*Task item*.
Exact copies of the lines below are the goal; any images in them are dropped.

++++ Record excerpts ++++

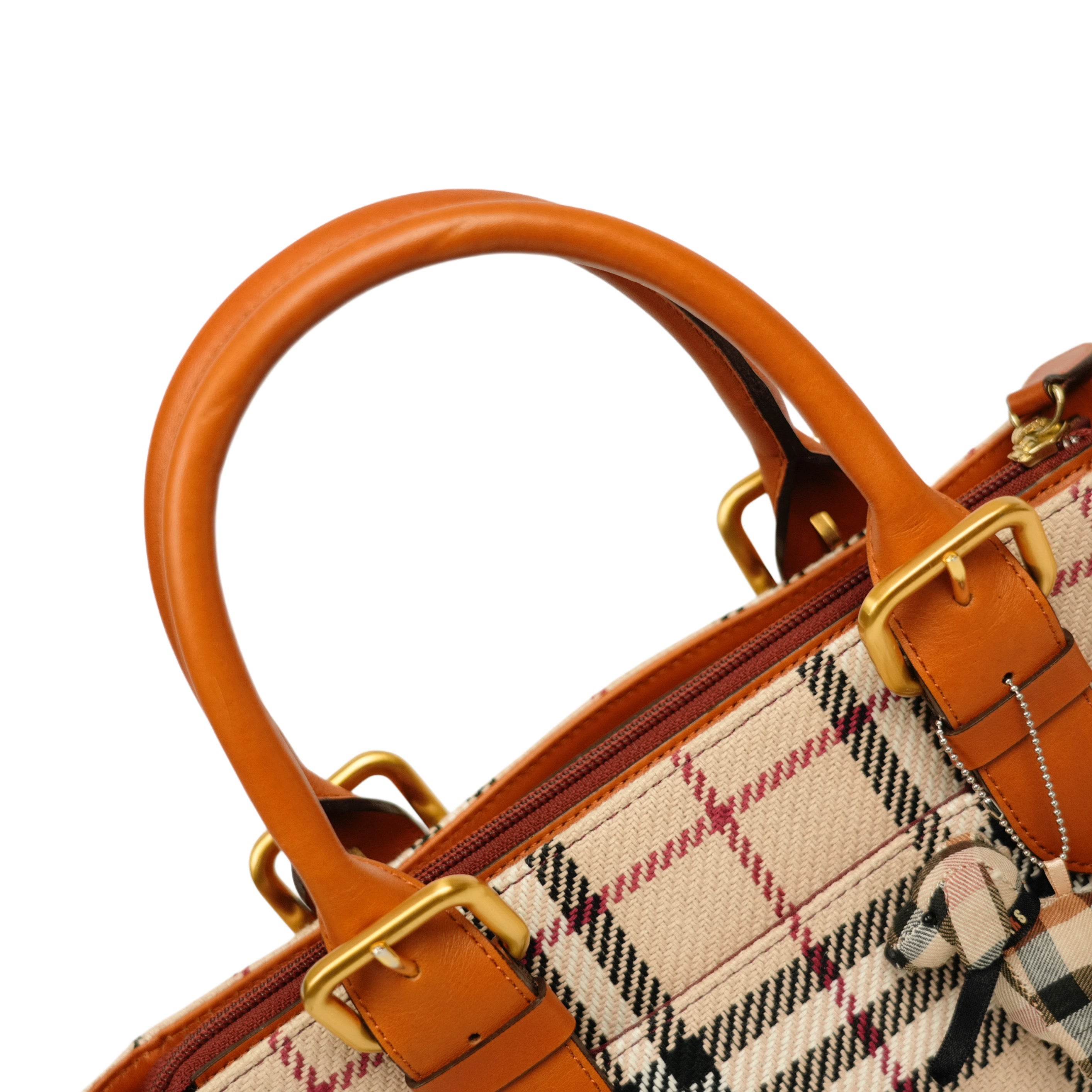 BURBERRY Nova Check Handbag
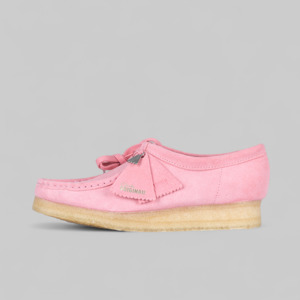 Clarks Originals: Women's Wallabee - Candy Pink
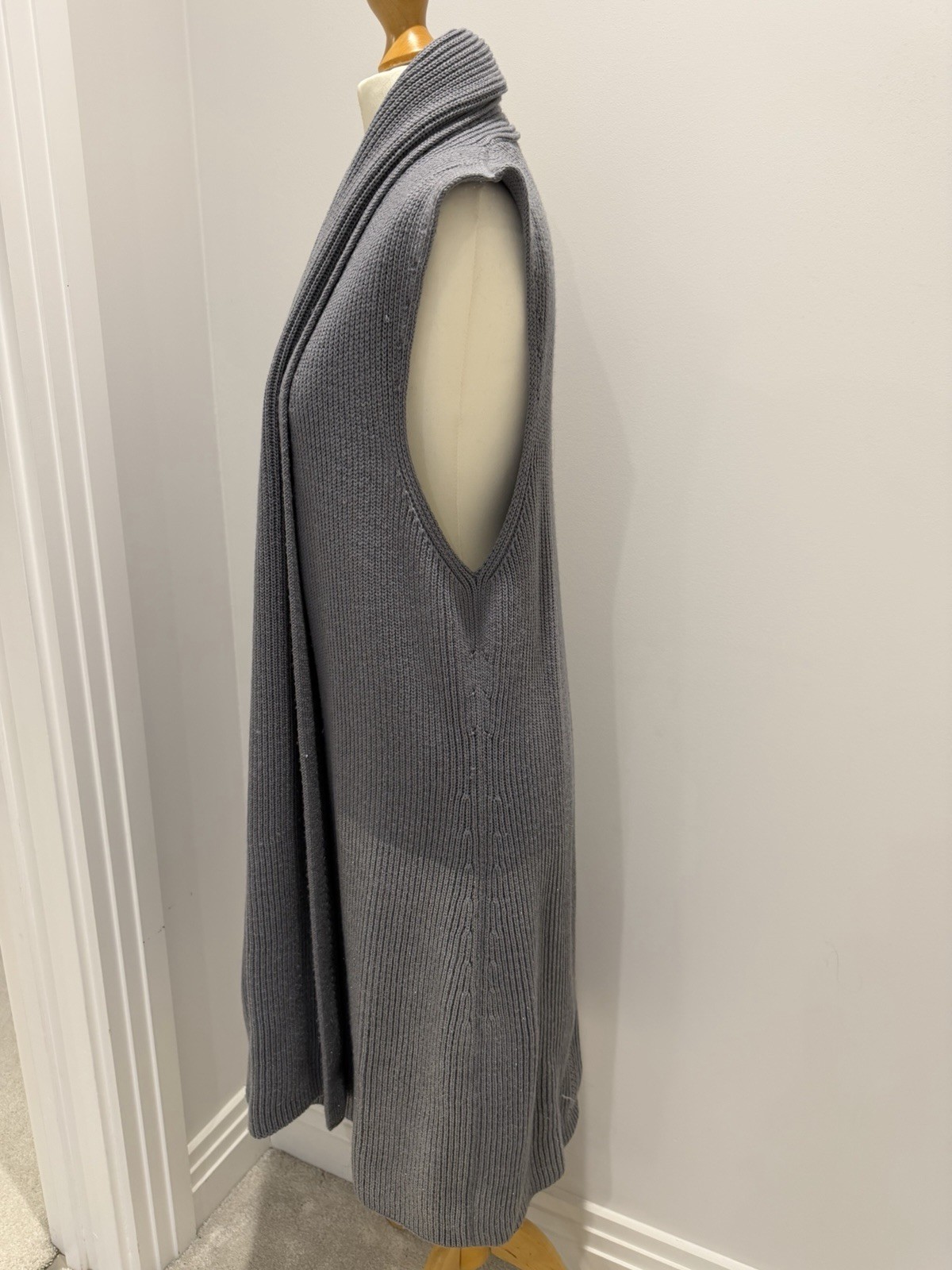 Missoni Ladies Sleeveless Long Gray Cardigan Size42 image 3
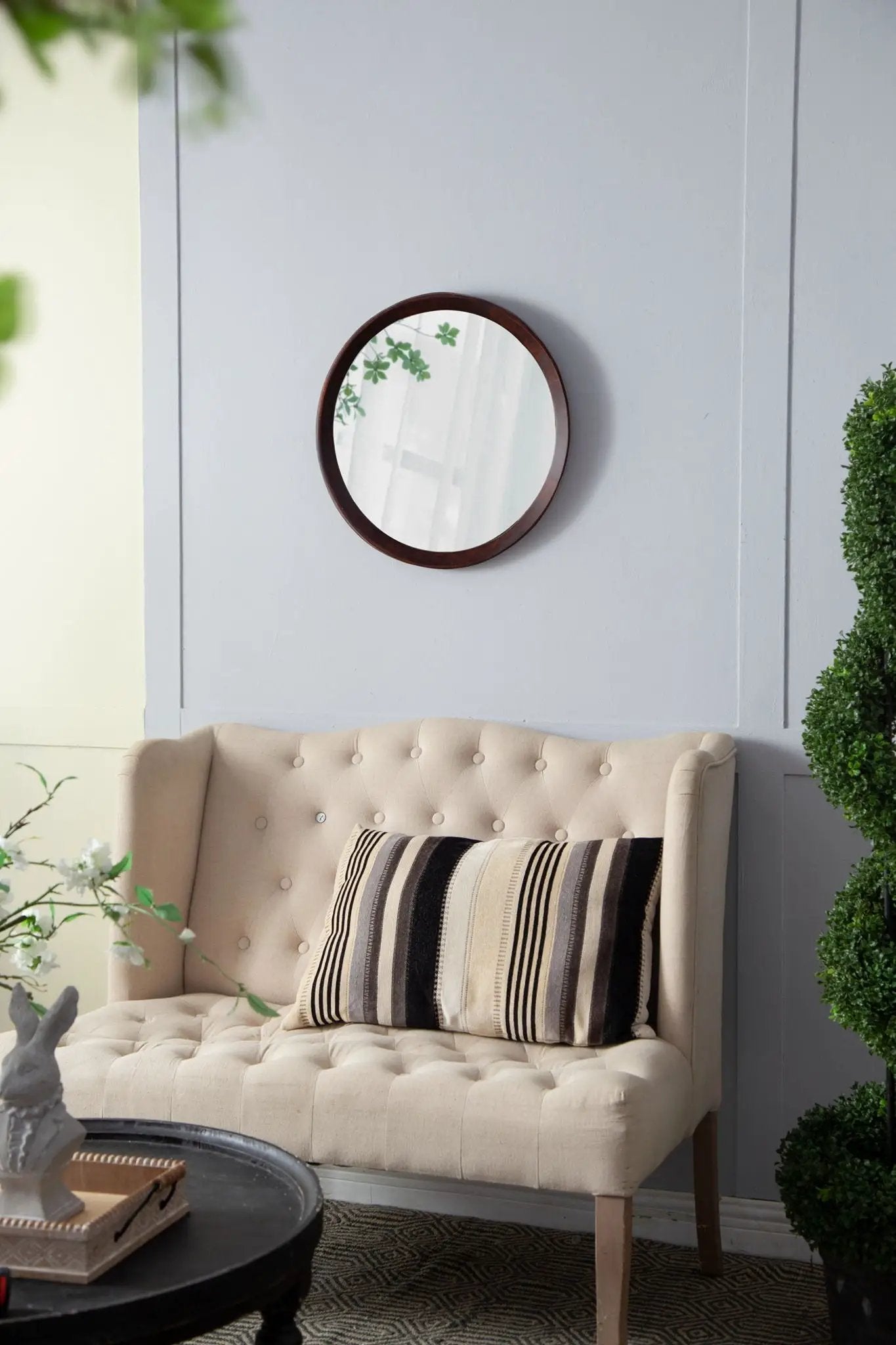 Transitional Decor Style Wall Mirror Decor With Frame For Bathroom by Unique Piece Furniture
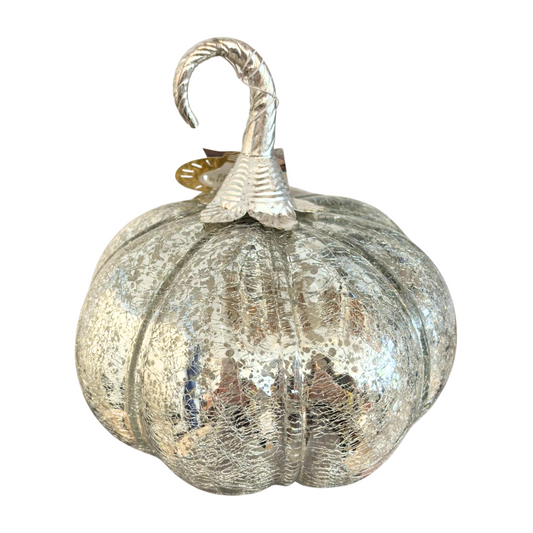 Calabaza Plateada con Luces – India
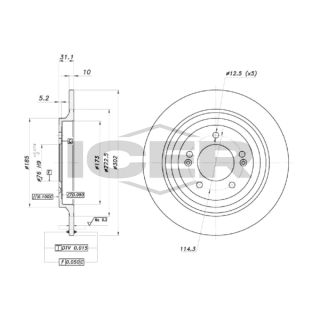 Stabdžių diskas ICER 78BD0078-2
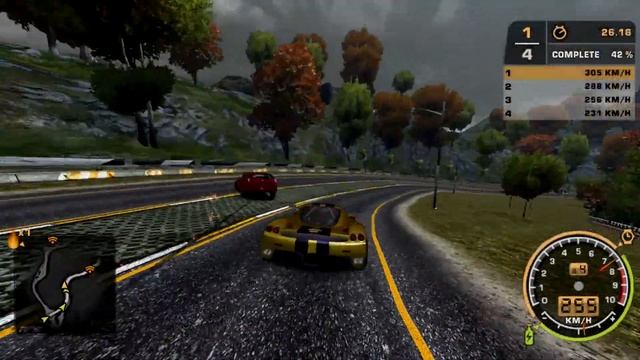 NFS Most Wanted | Speed Trap Race With Ferrari Enzo | Gameplay смотреть онлайн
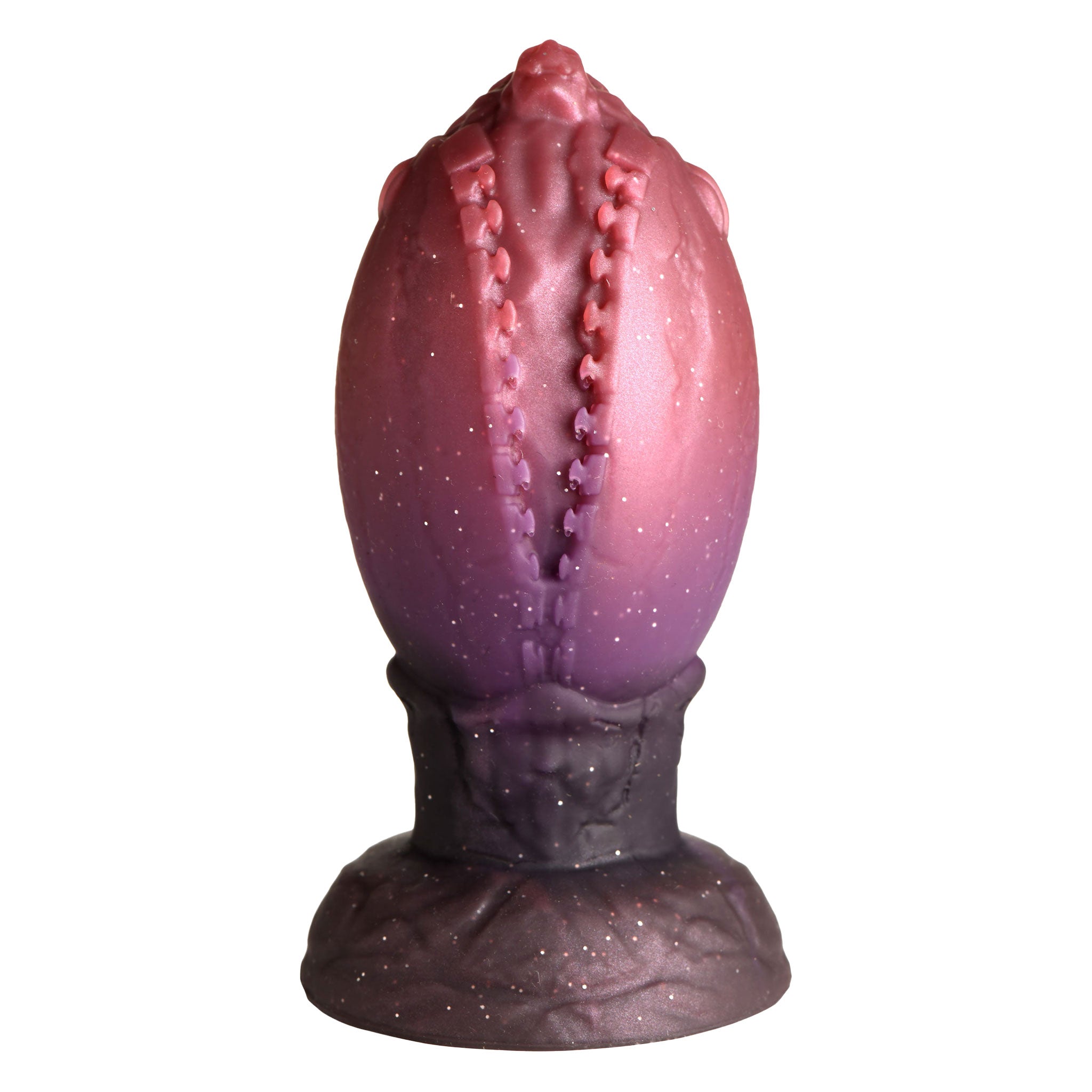 Large silicone dragon hatch egg, textured, body-safe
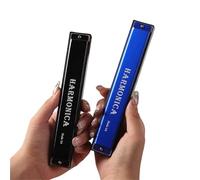 Introduzione All'insegnamento Della Scala Cromatica Dell Armonica In Metallo A 24 Fori(Sea Blue)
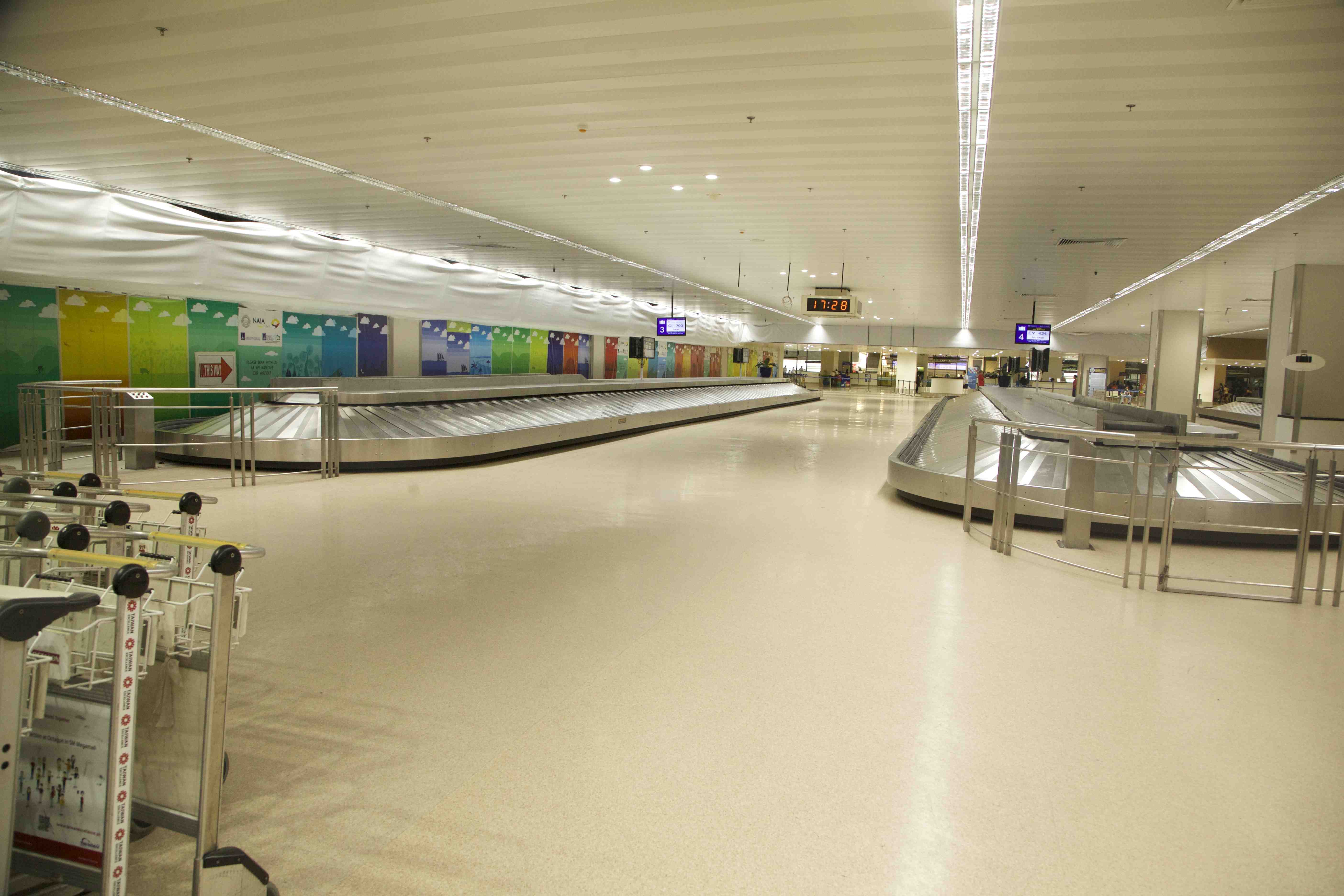 NEW. New baggage claim and conveyor area at NAIA Terminal 1.  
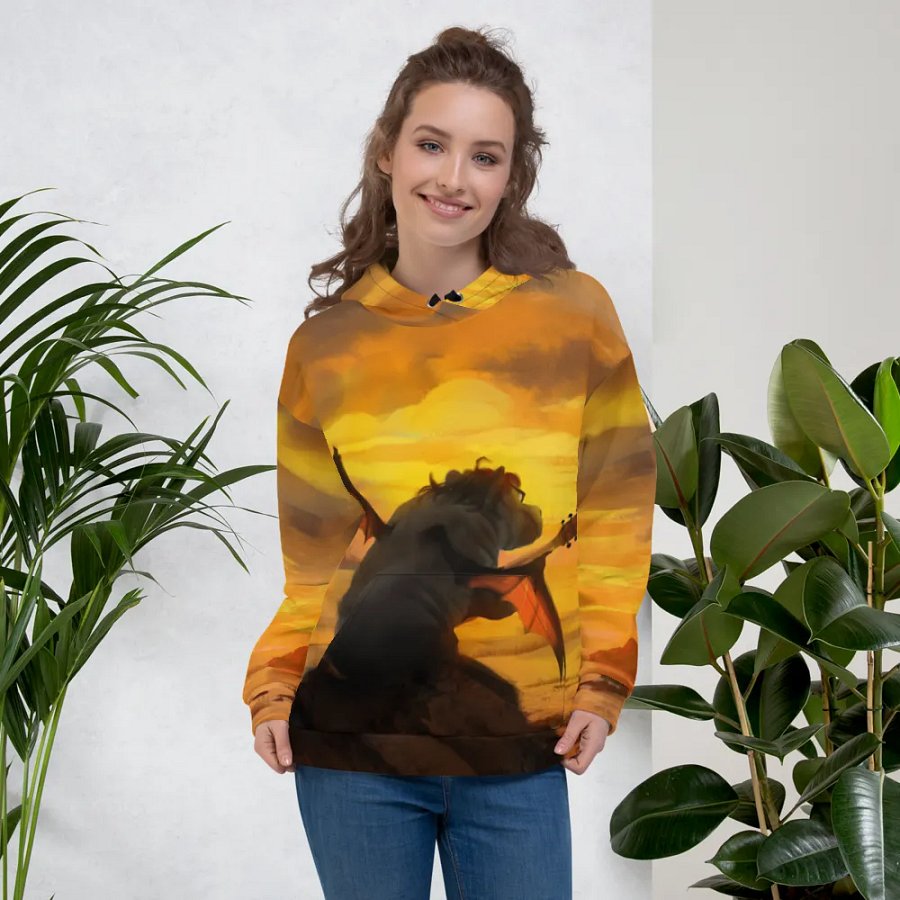 Orange Hippo Fullprint Hoodie product image (5)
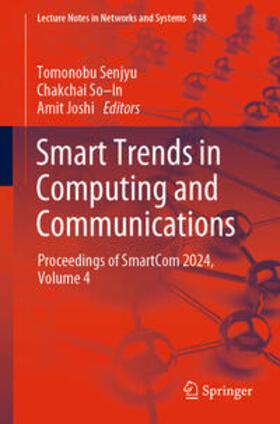 Senjyu / So–In / Joshi |  Smart Trends in Computing and Communications | eBook | Sack Fachmedien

++++

*Task output*.
 BURBERRY Nova Check Handbag
 Clarks Originals: Women's Wallabee - Candy Pink
 Missoni Ladies Sleeveless Long Gray Cardigan Size42 image 3
 Transitional Decor Style Wall Mirror Decor With Frame For Bathroom by Unique Piece Furniture
 Calabaza Plateada con Luces – India
 Stabdžių diskas ICER 78BD0078-2
 NFS Most Wanted | Speed Trap Race With Ferrari Enzo | Gameplay смотреть онлайн
 Large silicone dragon hatch egg, textured, body-safe
 Introduzione All'insegnamento Della Scala Cromatica Dell Armonica In Metallo A 24 Fori(Sea Blue)
 NEW. New baggage claim and conveyor area at NAIA Terminal 1.  
 Orange Hippo Fullprint Hoodie product image (5)
 Senjyu / So–In / Joshi |  Smart Trends in Computing and Communications | eBook | Sack Fachmedien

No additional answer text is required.